Why nuclear-powered energy is currently the truly green option

Nuclear power is being phased out globally. This is an ecological disaster. In 1993, 17 per cent of global electricity was generated by nuclear power. Today it is just 11 per cent, despite becoming safer and more efficient.

Germany is the latest to turn against nuclear energy. In 2011, Germany decided to shut down all nuclear reactors within 11 years, sooner than their expected lifespans. In 2010, nuclear power provided 22.5 per cent of Germany’s electricity. Seven years later, it provided just 11.5 per cent. Nuclear and fossil fuels were to be replaced by wind and solar power, as part of the Energiewende, or ‘energy transition’. Wind and solar has roughly doubled to 25 per cent of total electrical generation. However, the electricity industry is emitting just as much carbon dioxide. Why is this?

Wind and solar generate varying amounts of power. Solar generation peaks at midday while demand peaks in the evening. Wind production is weather-dependent. There is currently no large-scale, economically and environmentally viable electricity storage option. With nuclear plants being shut down, Germany has been forced to fill in the increasingly severe dips in renewable generation with high-carbon brown coal. For comparison, Germans now pay 44 per cent more than the French for their energy, they have worse air quality, higher rates of pollution-related death and their electricity is, according to a study by Environmental Progress, “nearly ten times [more carbon-intensive] than France’s.” While Germany is needlessly destroying its low-carbon nuclear capacity, France produces 72 per cent of its electricity from nuclear reactors. Nuclear energy is cheaper, healthier and more climate-friendly. Why is the dominant narrative that wind and solar are the answers to climate change and that Germany is a shining example to be followed?

One piece of the puzzle is fossil fuel industry propaganda. In his recent piece in Forbes, the ecologist Michael Shellenberger describes how oil and gas companies finance anti-nuclear environmental groups and have embarked on a billion dollar advertising and lobbying effort to promote wind and solar energy. Why is the fossil fuel industry backing wind and solar and anti-nuclear groups? Wind and solar-heavy grids require fossil-fuels in order to smooth out the supply of energy. Nuclear power, with its consistent power output, renders fossil fuels redundant. Environmental Progress found that, had the money spent on the wind and solar Energiewende been spent on nuclear power, Germany’s electricity would already be 100 per cent fossil fuel-free.

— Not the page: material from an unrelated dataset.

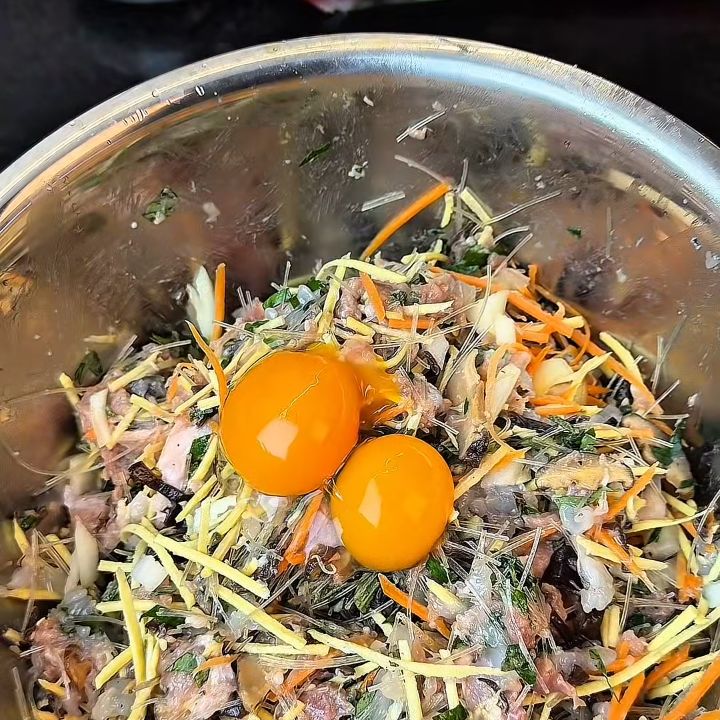 Thêm trứng và gia vị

But, even more than the propaganda efforts of the fossil fuel industry, the public prefers wind and solar energy to nuclear power because they fear nuclear disaster. Germany’s decision to abandon nuclear energy was just days after Fukushima and related anti-nuclear protests. Following the Three Mile Island incident, 51 US reactors were cancelled. Chernobyl resulted in public fear, anti-nuclear legislation, legal action, protest and soaring construction costs for nuclear reactors. The total number of reactors has stagnated since.

We need to get some perspective on the relative risks. Nuclear disasters are exceedingly rare, and increasingly unlikely given improvements in safety. Despite our obsession with the horrific spectacle of a nuclear meltdown, at 0.07 deaths/TWh, nuclear power is 467 times safer to humans than brown coal and 263 times safer than oil. If we considered the deaths associated with climate change, these disparities would grow. A coal plant even emits 100 times more radiation than a similar-sized nuclear plant.

A nuclear dominated electricity grid does not require fossil fuels; a wind and solar-based grid does for now.

That is reason enough to reconsider nuclear power as the real green option.